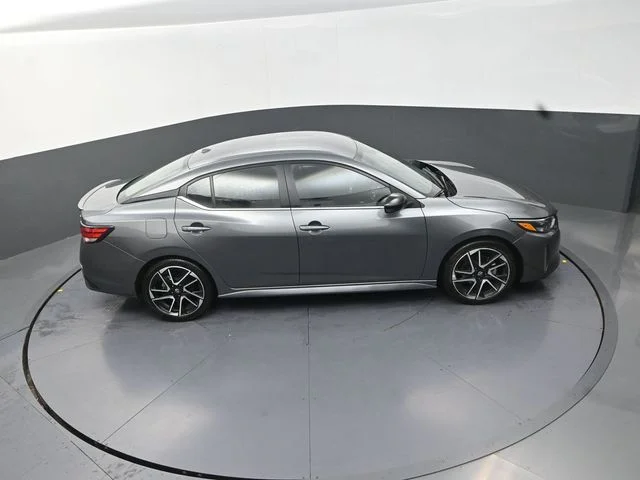 Used 2025 Gray Nissan SR image 30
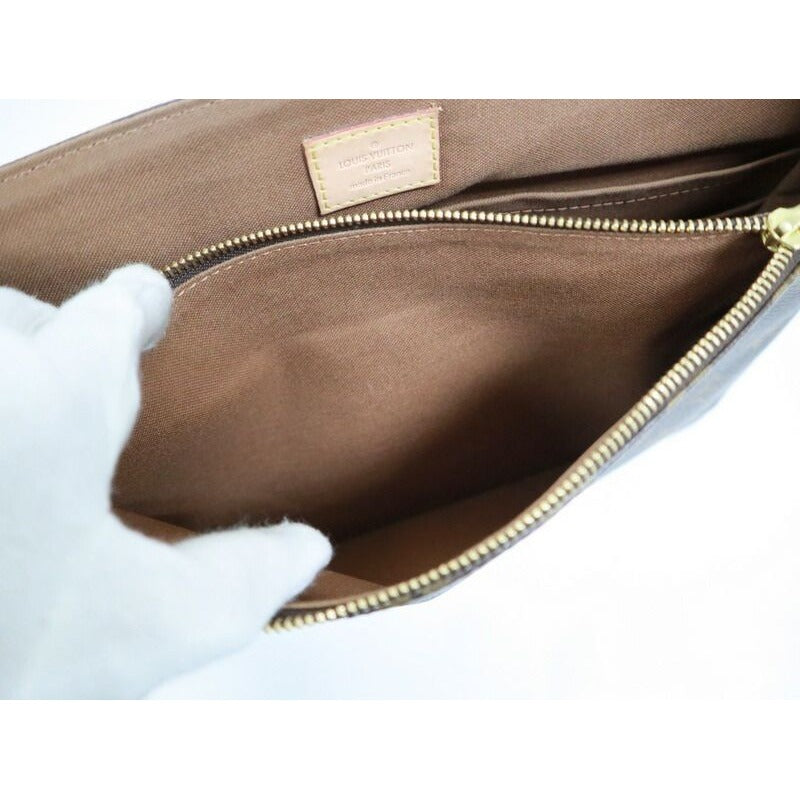 Louis Vuitton Messenger MM Bob le Shoulder Bag Monogram Brown — view 6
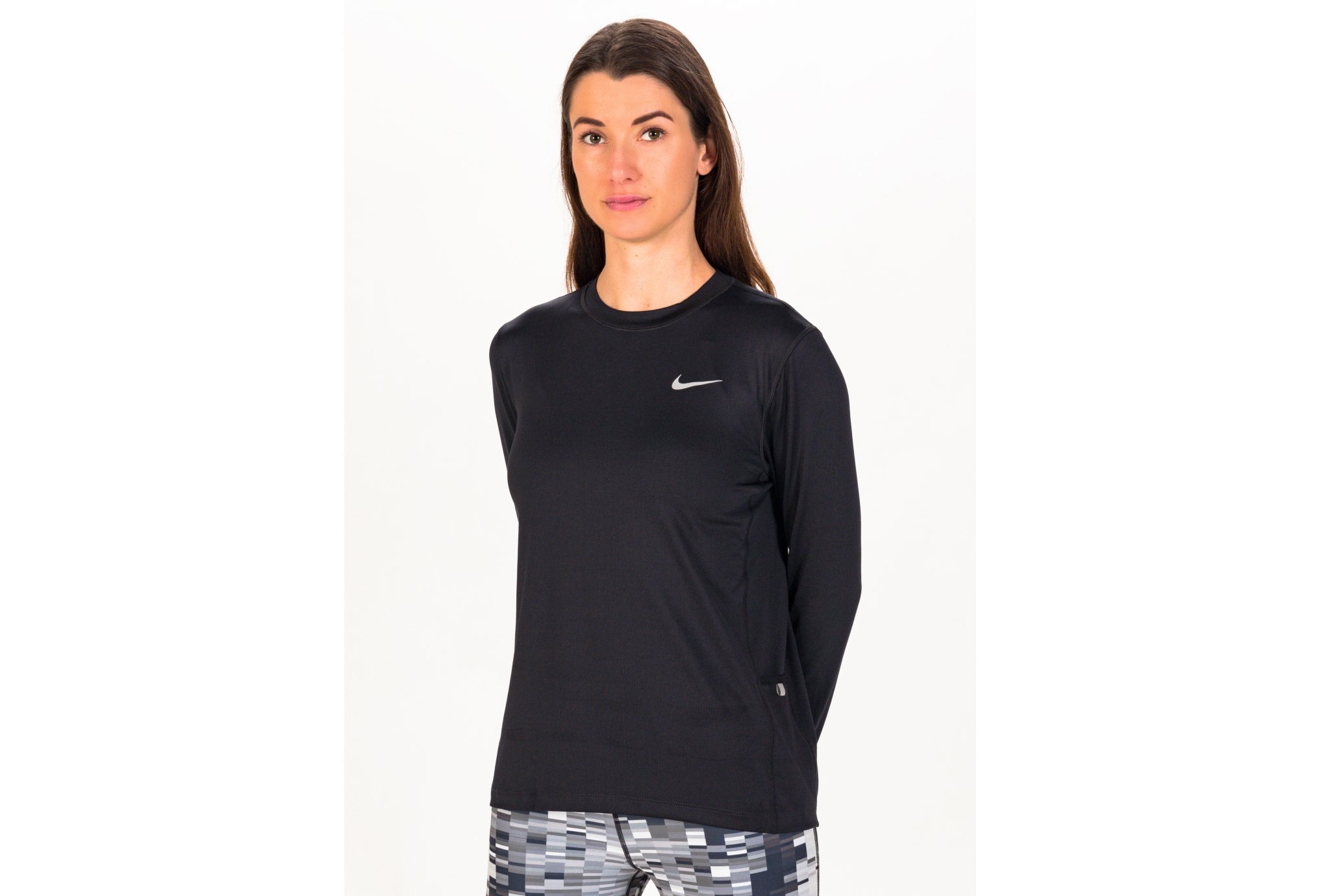 Nike Element Crew W vêtement running femme déstockage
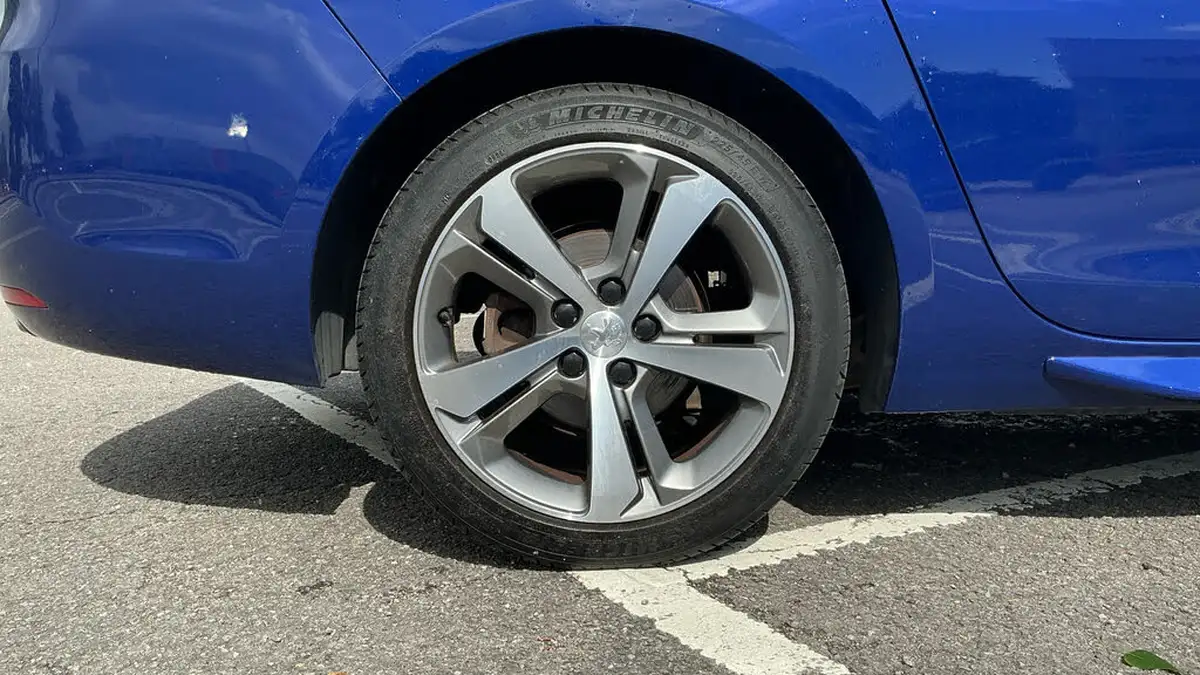 2020-peugeot-308-sw-12-puretech-gt-line-big-14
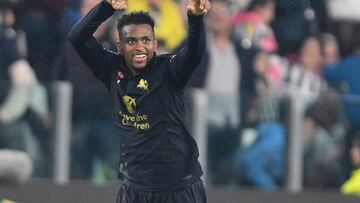 Turin (Italy), 19/10/2024.- Juventus' Cabal jubilates after the owngoal of Lazio's Mario Gila during the Italian Serie A soccer match Juventus FC vs SS Lazio at the Allianz Stadium in Turin, Italy, 19 October 2024. (Italia) EFE/EPA/ALESSANDRO DI MARCO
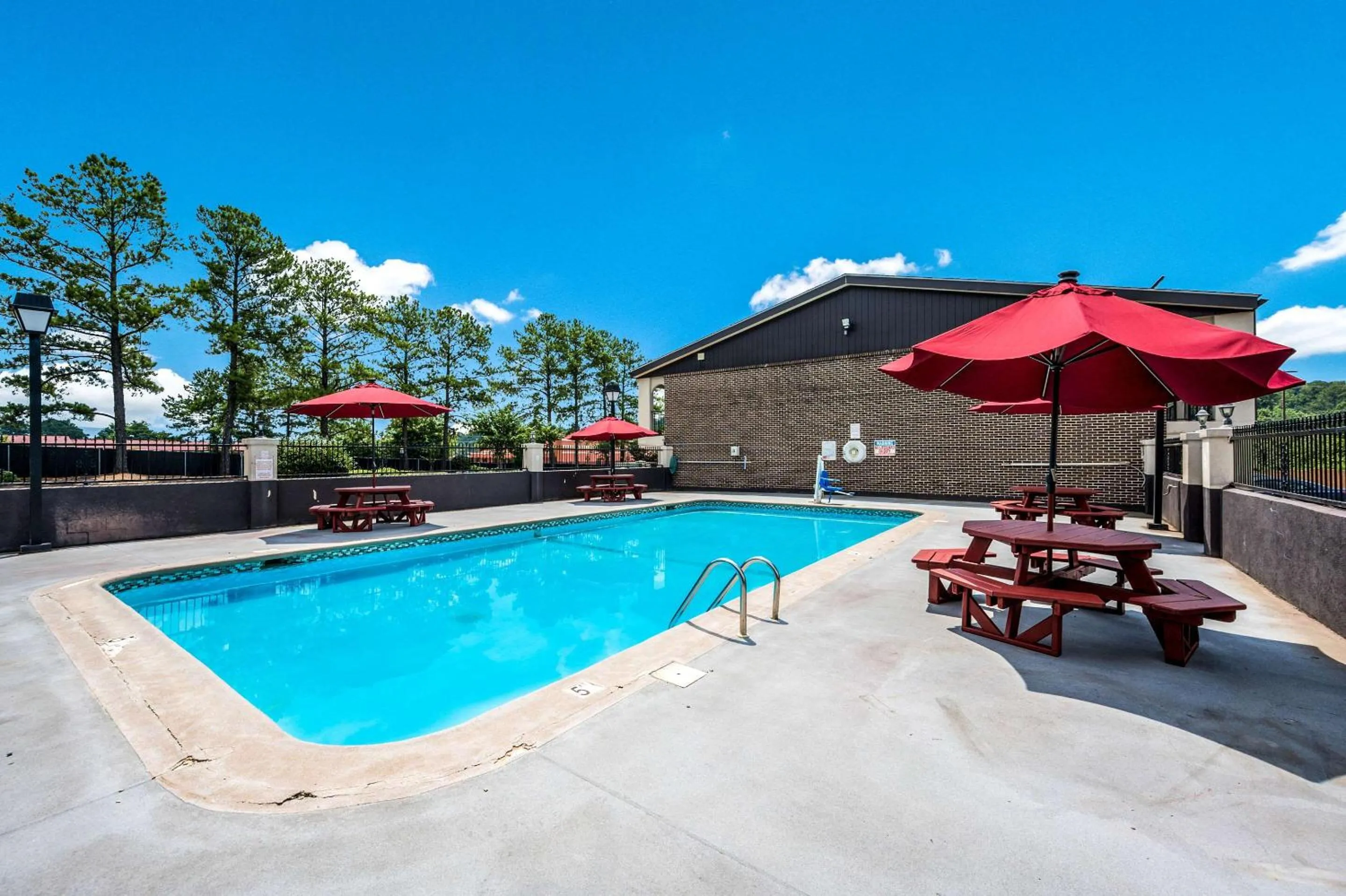 Activities in Econo Lodge Inn & Suites Huntsville University Area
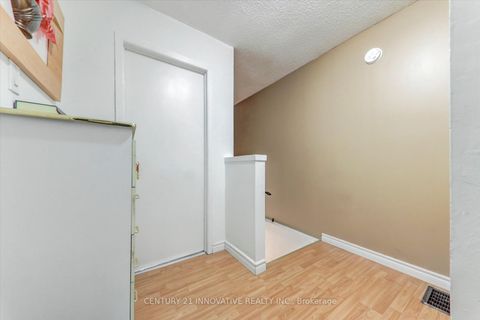 Photo 15 at 1 - 34 Dundalk Drive, Dorset Park, Toronto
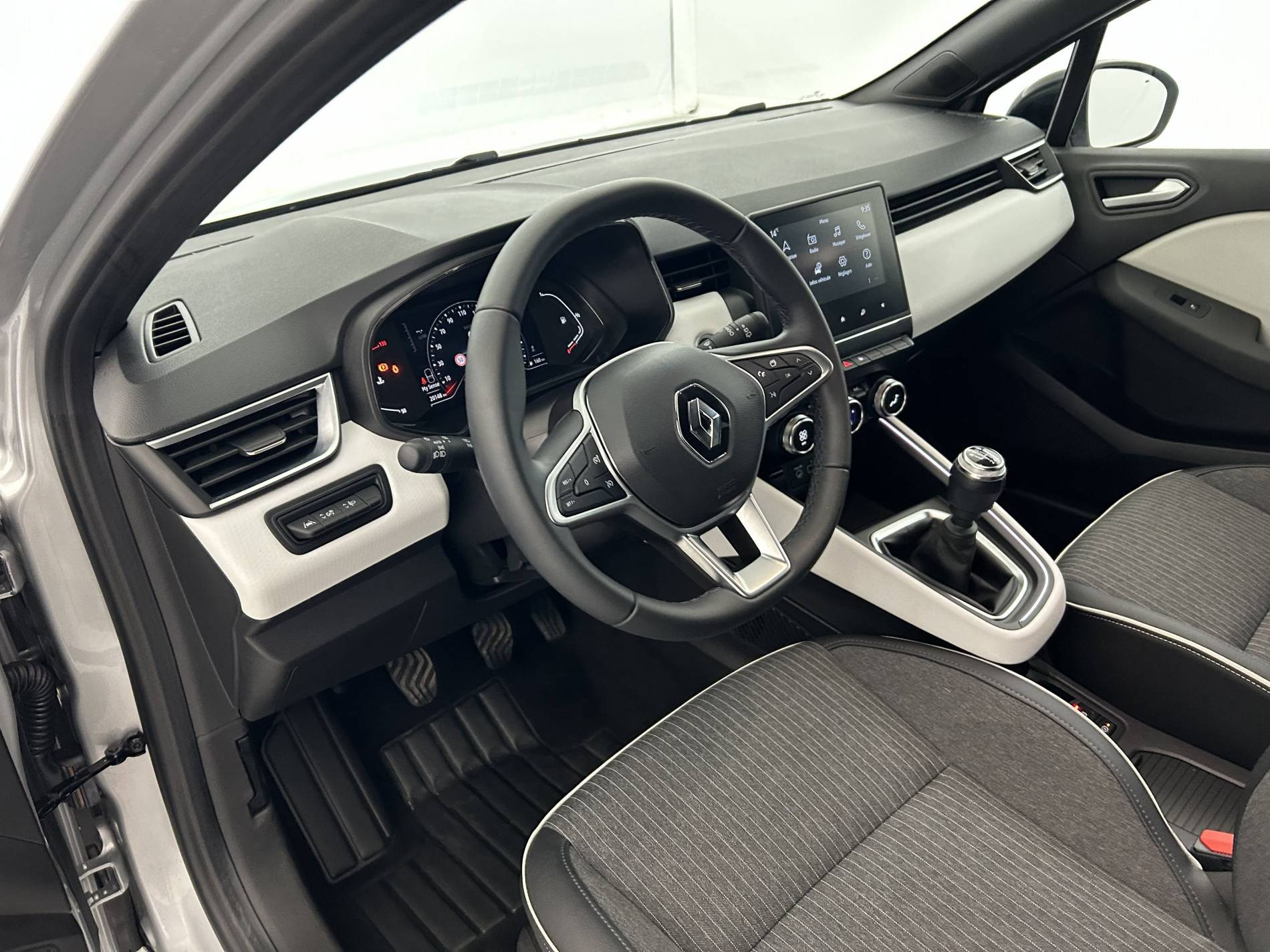 Vente en ligne Renault Clio 5 Clio TCe 90 au prix de 16 790 €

WHAT TO DO - The expected output is every entry above, retyped exactly, with the pictures removed.

WRITTEN ANSWER -
 Used 2025 Gray Nissan SR image 30
 Louis Vuitton Messenger MM Bob le Shoulder Bag Monogram Brown — view 6
 Nike Element Crew W vêtement running femme déstockage
 2020-peugeot-308-sw-12-puretech-gt-line-big-14
 Turin (Italy), 19/10/2024.- Juventus' Cabal jubilates after the owngoal of Lazio's Mario Gila during the Italian Serie A soccer match Juventus FC vs SS Lazio at the Allianz Stadium in Turin, Italy, 19 October 2024. (Italia) EFE/EPA/ALESSANDRO DI MARCO
 Activities in Econo Lodge Inn & Suites Huntsville University Area
 Photo 15 at 1 - 34 Dundalk Drive, Dorset Park, Toronto
 Vente en ligne Renault Clio 5 Clio TCe 90 au prix de 16 790 €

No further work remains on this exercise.